We also get phone messages.


----------



## Carol (May 23, 2014)

I think this is an area where surveying your target audience will give you the best feedback.   Not everyone is comfortable with the concept of asking a customer what they want, but most customers appreciate the opportunity.   Ask the families involved, or a representative sample of the families involved how they would like to be notified of events at the school.  That will give you some hard data to build a marketing strategy.


----------



## MartialMellow (May 24, 2014)

I like your idea of sending home flyers with the kids.  That way, the kids and the parents will know.


----------



## Crossracer (May 26, 2014)

I don't and won't face book. I however send out an email blast once a week that my students know comes on fri. It details everything that I'm doing the next week. 
    Simple, effective, and with a smart phone you can work on it thru the week and save it in a draft folder. That way you are making the best use of your time. 

   Bill


Sent from my iPhone using Tapatalk


----------



## WaterGal (Jun 3, 2014)

I set up a newsletter using MailChimp this weekend, so I'm going to  start using that every month.  It's free if you send less than, I think,  1,000 e-mails a month?  And after messing around a bunch with the  template builder for a couple hours, it looks actually pretty nice and  pro.  Way better than what I could do in gmail, hah.



Gnarlie said:


> Advertise your events via representative photographs, ideally from the previous time if the event is regular.
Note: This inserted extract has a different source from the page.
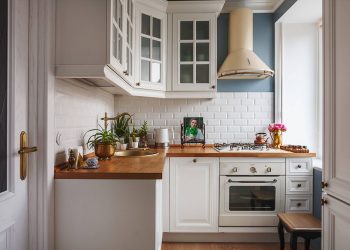 Hangulatos kis konyha, fehér bútor, fa munkapult, metro csempe hátfal és pasztellkék falak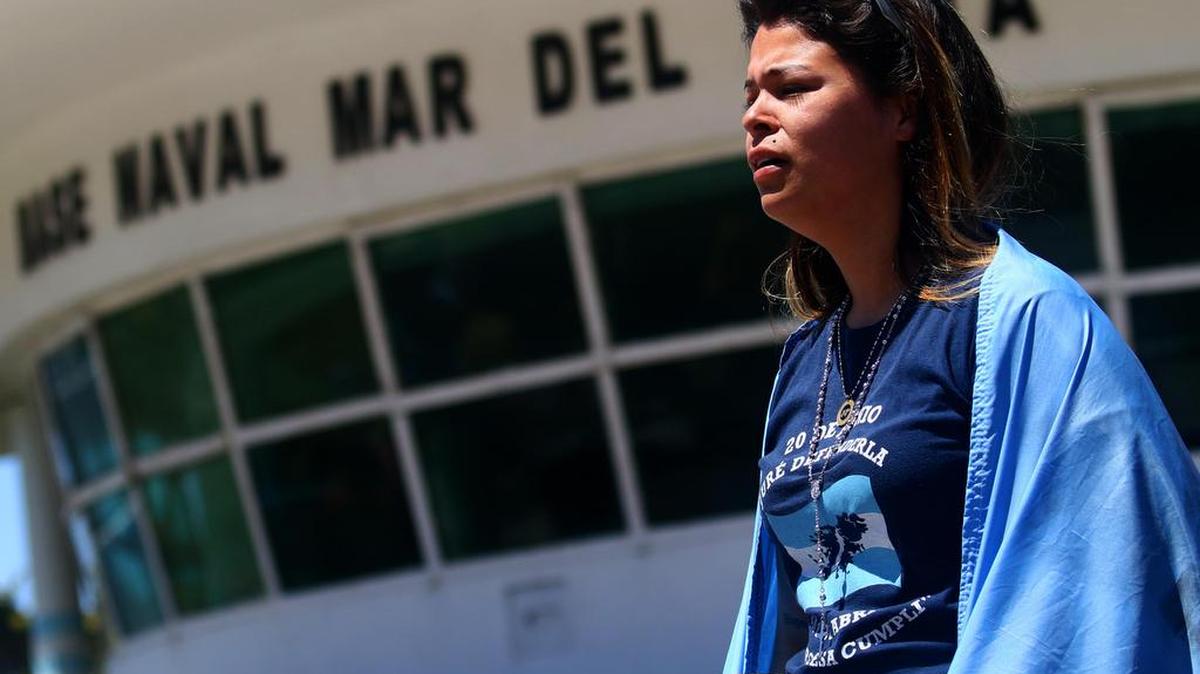 Familiares de los tripulantes del ARA San Juan se reúnen con vecinos marplatenses el sábado 25 de noviembre de 2017, en la Base Naval de Mar del Plata (Argentina).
Dates, prices and deadlines in large font on the photo.
> 
> Accompanying text in plain English, using the minimum number of words possible.



That's a really good idea.  I'll have to think about how to make some really simple and accessible flyers like that.

The town the school's in is  undergoing a big demographic shift (from being very white and a little rural/rednecky to becoming a diverse suburban bedroom community), so I'm sure  we'll be seeing more and more immigrant families speaking more languages coming in the door.


----------



## jezr74 (Jun 3, 2014)

Not sure if it applies to the martial arts school. But for soccer I've seen this used Manage Your Team Online with TeamSnap's Free Sports Team Websites (or similar), will appeal to the more technology accepting. But is an option if you want to keep communication high and more focused rather than something like a closed group in facebook.

EDIT: Sorry that is the wrong app, there is one for MA schools that is similar. I'll have to find it.


----------